Manufacturing will continue to grow at a faster pace than the general economy in 2012, thanks in part to a scorching 10 percent annual rate in the first quarter of the year; it will decelerate to an average of 3 percent the remainder of the year.
“There is pent-up demand for consumer durable goods, particularly for motor vehicles, firms are profitable and have pent-up demand of their own for replacing traditional and high-tech business equipment, and there is strong growth from emerging economies for equipment to build their infrastructure,” said Daniel J. Meckstroth, Ph.D., MAPI Chief Economist and author of the analysis. “One negative is that the recession in Europe will have the effect of canceling out any net benefit from trade this year.”
The positive news for manufacturing is also tempered by anticipated slow growth in the overall economy.

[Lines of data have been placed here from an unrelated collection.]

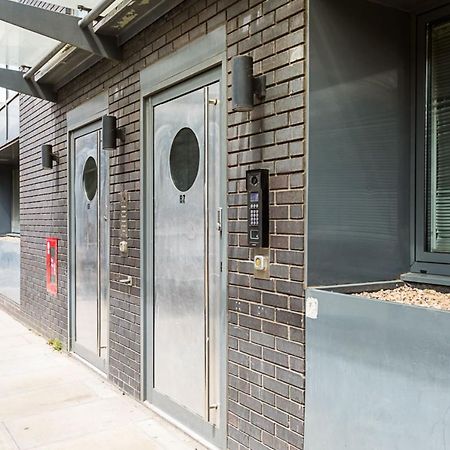 Chamber Street Apartment 14 Londra Esterno foto
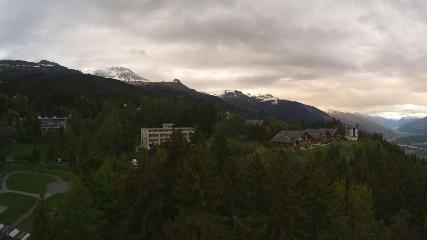 Arosa Lenzerheide: Parpaner Rothorn (arosalenzerheide.swiss)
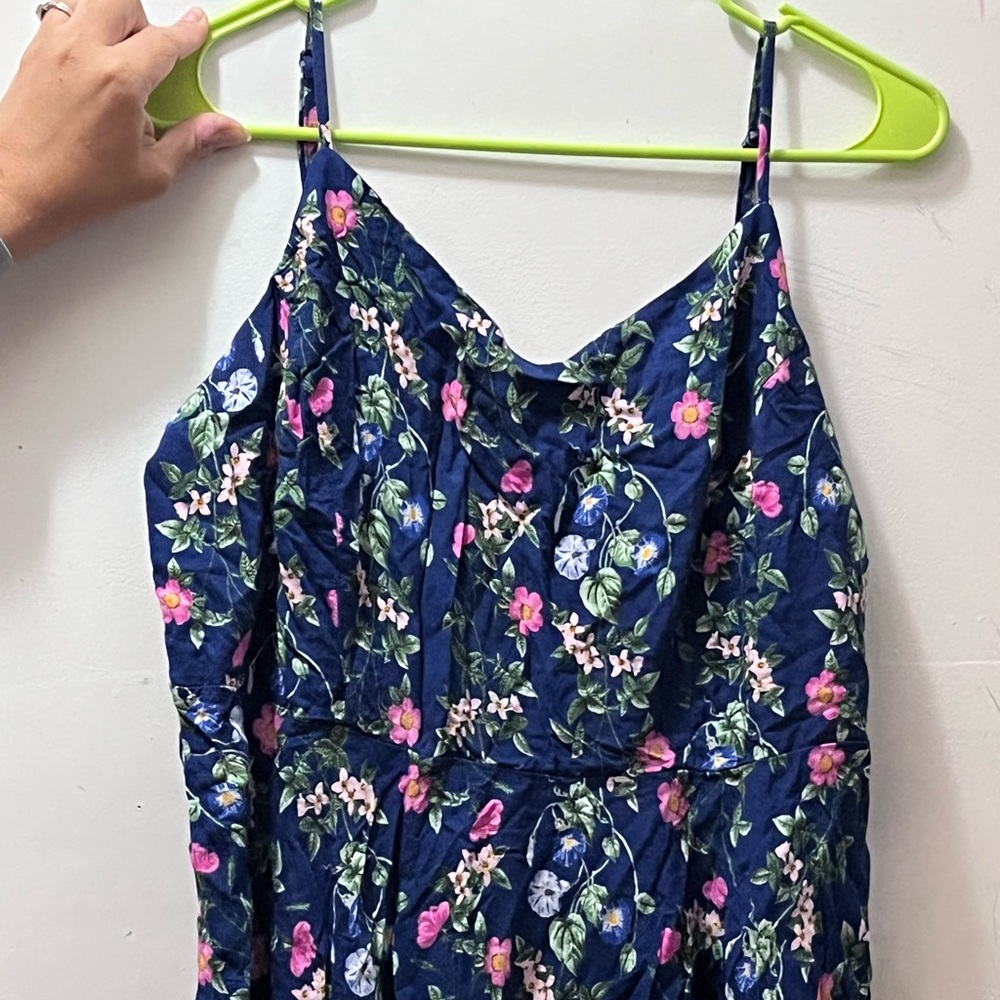 Woman’s dress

“We forecast that GDP growth will increase at annual rates of 2.1 percent over the next five quarters,” Meckstroth said. “These growth rates are categorized as a relatively modest pace and well below what would be considered normal for an expansion following a severe recession. Consumers are deleveraging and are reducing debt and therefore can only increase spending commensurate with employment and wage growth.”
The report offers economic forecasts for 24 of the 27 industries. MAPI anticipates that 18 of these will show gains in 2012, 3 will remain flat, and 3 will decline. The engine, turbine, and power transmission equipment sector will grow by 32 percent and housing starts will see a 22 percent increase. Broad-based advances should occur in 2013 with growth likely in 23 of 24 industries, led by housing starts at 35 percent. Public works construction is the lone industry expected to decline in 2013, by 2 percent.

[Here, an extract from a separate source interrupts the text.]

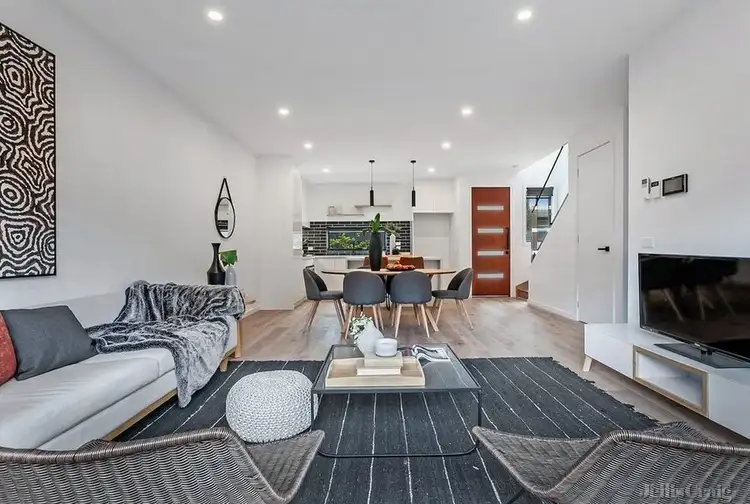 3/44 Dundee Street, Reservoir VIC 3073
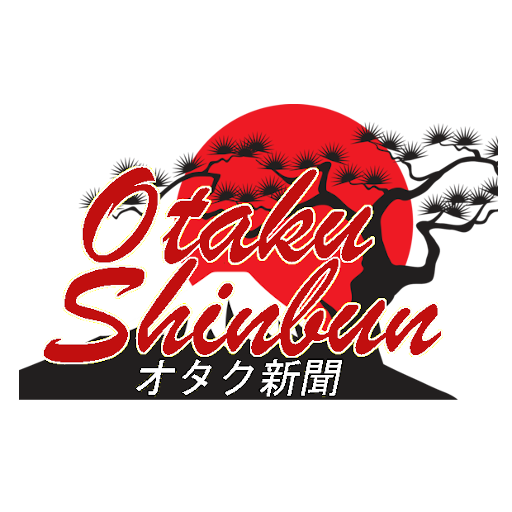 Otaku Shinbun - Anime Manga News from Japan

MAPI forecasts that industrial production will increase 5.2 percent in 2012, up from 4 percent in the March report, and 3.3 percent in 2013, down from 3.5 percent in the previous forecast. Manufacturing production should outperform GDP growth, which MAPI estimates will be 2.2 percent in both 2012 and 2013.
According to the report, non-high-tech manufacturing production (which accounts for 90 percent of the total) is anticipated to increase 5.5 percent in 2012 and 3.2 percent in 2013. High-tech industrial production (computers and electronic products) is projected to expand by 5.3 percent in 2012 and show 7.7 percent growth in 2013.

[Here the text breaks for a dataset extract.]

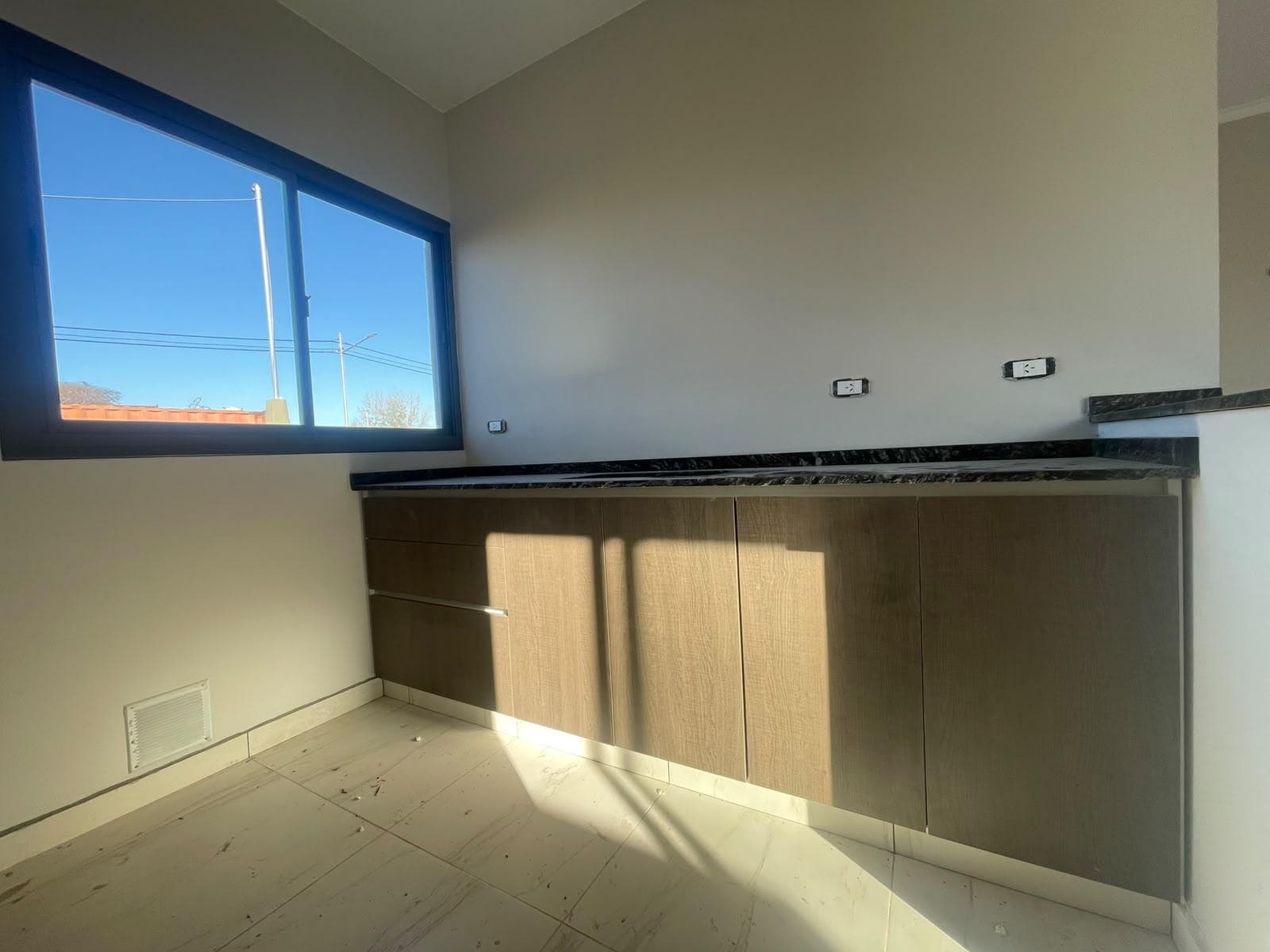 House in the Pinar del Sol 9 Gated Community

Eighteen of the 27 industries MAPI monitors had inflation-adjusted new orders or production above the level of one year ago (the same as reported in MAPI’s March 2012 report), eight declined, and one was flat. Engine, turbine, and power transmission equipment grew by 36 percent in the three months ending April 2012 compared to the same period one year earlier, while housing starts improved by 28 percent in the same time frame.
The largest drop came in domestic electronic computers, which declined by 12 percent.
Meckstroth reported that 8 industries are in the accelerating growth (recovery) phase of the business cycle; 10 are in the decelerating growth (expansion) phase; 7 are in the accelerating decline (either early recession or mid-recession) phase; and 2 are in the decelerating decline (late recession or very mild recession) phase of the cycle.